The Telugu film industry lost about ₹360 crore in the first nine months of this calendar year due to online piracy. In all, there were about 1.80 crore downloads or web streamings this year so far. “An estimated 55 lakh viewers watched four big budget movies Baahubali, Srimanthudu, Rudramadevi and Bruce Lee (with budgets of ₹40 crore or above) in the last three months,” he said, quoting a report. These films were hosted through a whopping 2,700 piracy links, making it virtually difficult for the industry to take action. You take down this link or site, it surfaces in yet another link. And within the crucial first two weeks, when they hope to rake in good openings, the film would have been downloaded in lakhs.
Though the producers are getting John Doe or Ashok Kumar orders from local courts that give them protection from copyright infringements by unidentified defendants, they hardly see any respite from piracy.
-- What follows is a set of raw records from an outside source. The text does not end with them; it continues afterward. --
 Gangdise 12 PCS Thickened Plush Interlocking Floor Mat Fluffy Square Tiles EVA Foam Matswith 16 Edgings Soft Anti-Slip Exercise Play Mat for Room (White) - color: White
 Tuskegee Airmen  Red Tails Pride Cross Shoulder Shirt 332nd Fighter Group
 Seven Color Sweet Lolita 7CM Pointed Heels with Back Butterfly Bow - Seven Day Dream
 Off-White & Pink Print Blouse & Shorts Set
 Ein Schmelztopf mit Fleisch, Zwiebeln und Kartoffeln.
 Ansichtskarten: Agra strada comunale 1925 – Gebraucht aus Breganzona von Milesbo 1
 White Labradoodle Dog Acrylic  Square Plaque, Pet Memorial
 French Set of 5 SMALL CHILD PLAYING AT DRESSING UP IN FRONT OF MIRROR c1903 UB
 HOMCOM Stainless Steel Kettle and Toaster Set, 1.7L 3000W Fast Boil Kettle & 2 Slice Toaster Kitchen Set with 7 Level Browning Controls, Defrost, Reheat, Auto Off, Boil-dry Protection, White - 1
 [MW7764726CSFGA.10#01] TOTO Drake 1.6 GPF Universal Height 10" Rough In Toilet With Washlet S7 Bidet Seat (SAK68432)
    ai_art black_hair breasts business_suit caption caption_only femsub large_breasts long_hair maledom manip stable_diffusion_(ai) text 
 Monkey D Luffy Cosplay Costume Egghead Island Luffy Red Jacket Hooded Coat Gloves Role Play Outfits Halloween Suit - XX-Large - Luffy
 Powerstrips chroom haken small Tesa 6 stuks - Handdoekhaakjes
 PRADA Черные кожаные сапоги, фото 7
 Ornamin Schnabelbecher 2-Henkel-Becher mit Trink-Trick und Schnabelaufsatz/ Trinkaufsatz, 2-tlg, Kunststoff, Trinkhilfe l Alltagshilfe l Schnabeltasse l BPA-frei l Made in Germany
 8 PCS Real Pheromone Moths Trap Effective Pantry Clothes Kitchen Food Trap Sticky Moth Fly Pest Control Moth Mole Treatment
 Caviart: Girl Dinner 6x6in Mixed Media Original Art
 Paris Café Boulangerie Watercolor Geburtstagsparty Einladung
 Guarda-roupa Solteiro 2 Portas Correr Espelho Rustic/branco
With the problem assuming gigantic proportions, the film industry has sought the help of Internet Service Providers (ISPs) to keep tabs on the erring sites and block the content when notified by the industry.
Issues like copyright infringement, film piracy, camcording and content leakage weaken the industry by hampering the deserved revenue production. Economies with supportive copyright protection are at least 30% more likely to have larger and more dynamic content and media sectors that are countries with less favorable IP regime.
High prices for media goods, low incomes, and cheap digital technologies are the main ingredients of global media piracy. Media piracy arises when market failures meet increasingly cheap and improved infrastructures (bandwidth, hardware) of information transmission. Does this pose a problem to owners of copyright? Of course, it does, but there is nothing new about that. Every technological advancement starting from the print revolution has transformed the ways we access knowledge and culture and innovations in technology have also been accompanied by innovations in business models.
If a site has been blocked by the Indian government, a person going to the site will see a notice saying it has been blocked—using a VPN to circumvent the block to download the movie could then be construed as violating the Act. A legal crackdown helps—a study published by Technology Policy Institute (TPI) shows that France saw a 22-25% increase in digital music sales after the HADOPI anti-piracy law and Sweden saw a 36% increase after the IRDEP law, but the effects don’t last.
India’s film industry, said to be the largest globally with some 1,000 movies produced each year, earns around $2 billion from legitimate sources such as screening at theatres, home videos, and TV rights. But with $2.7 billion, piracy earns 35 percent more, and a way out has proved elusive.According to the latest KPMG-Ficci report on the Indian media and entertainment sector, the film industry here is projected to grow from Rs 138.2 billion ($2.09 billion) in 2015 to Rs 226.3 billion ($3.43 billion) by 2020 at an annual growth rate of 10.5 percent. But piracy could also grow exponentially unless checked. Adding another dimension, Patrick Kilbride, Executive Director for International IP with Global Intellectual Property Center of the US Chamber of Commerce, said piracy also limits the economic contribution which creativity can make in India.
Even as the film is released, the pirated copy of the same film becomes available in the ‘grey’ market within 1-2 days, at a price one tenth of the original. Duplication of content in the digital medium enables pirates to disrupt the chain of maximizing profits for distributors. While the costs of reproducing every duplicate copy constantly decreases, the quality of the content remains constant with each generation of duplication.